Gato, like many other AI models, can produce biased or harmful output. This is partly due to biases present in the vision and language datasets used for training, which include “racist, sexist, and otherwise harmful content.” Conceivably, Gato could physically harm people while performing a robotics task. DeepMind attempted to mitigate harms by filtering sexually explicit content and implementing safety measures for their robotic systems. However, given that the paper did not discuss other mitigation attempts, harmful output is still a concern.
What are the implications of Gato with respect to existential risk?
Many experts are concerned that superhuman-level AGI will pose an existential risk to human civilization, especially if its goals are not closely aligned with ours. Gato seems to mark a step towards this kind of general AI. Metaculus, a community that allows anyone to submit predictions about the future, now estimates AGI will arrive in 2035— about a decade earlier than its estimate before the announcement of Gato. This date is an aggregation of 423 individual predictions, based on a definition of AGI that includes a set of technical benchmarks, such as the system successfully passing a Turing test involving textual, visual, and auditory components.
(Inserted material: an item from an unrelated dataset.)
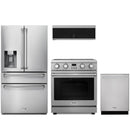 Stainless steel Thor Kitchen appliance package with 30-inch electric range, refrigerator with water dispenser, dishwasher, over-the-range microwave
If Gato causes us to update our beliefs toward shorter timelines for the development of AGI, we have less time than we thought to solve the alignment problem. This could make the case for pursuing direct technical work on alignment, increasing community-building, support, or policy roles for alignment, or allocating more resources to research and governance.
It’s worth noting, however, that there are some less impressive aspects of Gato. Fundamentally, Gato is trained to imitate specialist RL agents and humans–and it did not significantly outperform the agents it learned from. Arguably, it would have been more impressive if Gato could exploit its diverse knowledge to devise new behaviors that outperform specialist agents on several tasks.
What are some policy considerations related to Gato?
In the United States, AI systems are generally regulated by the agency overseeing the particular sector or industry they are designed to operate within. For example, in 2019 the U.S. Food and Drug Administration issued a proposed regulatory framework for AI/ML-based software used in health care settings. Less than a week ago, the U.S. Justice Department and the Equal Employment Opportunity Commission released guidance and technical assistance documents around avoiding disability discrimination when using AI for hiring decisions. However, because Gato is a generalist agent that can work across many domains, and therefore industries, it may be unclear which regulatory agency has the responsibility or authority to ensure Gato’s development and deployment (or other systems like it) remain in compliance with applicable laws.
There are a variety of regulatory frameworks in development across the globe designed to more broadly oversee AI (such as the European Union’s AI Act), but the extent to which they are being developed with a generalist AI system in mind is unclear. Now that Gato is here, regulators may want to ask themselves:
- To what extent might current regulatory frameworks need to be modified to better fit this new paradigm?
- How can we properly coordinate and collaborate our oversight of generalist AI systems to ensure there is no regulatory duplication, overlap, or fragmentation?
- How, if at all, can we future proof the more universal frameworks currently in development to better oversee these types of generalist AI systems?
As a potential path forward, the Future of Life Institute suggests adding a specific definition of general AI to the EU AI Act and clearly describing the roles and responsibilities of developers of generalist AI systems, including assessing potential misuse and regularly checking for new risks as the system evolves. Their idea is to require developers of general AI systems to ensure their systems’ safety, while reducing compliance burdens for the companies and other end users who might use the systems for a wide variety of tasks.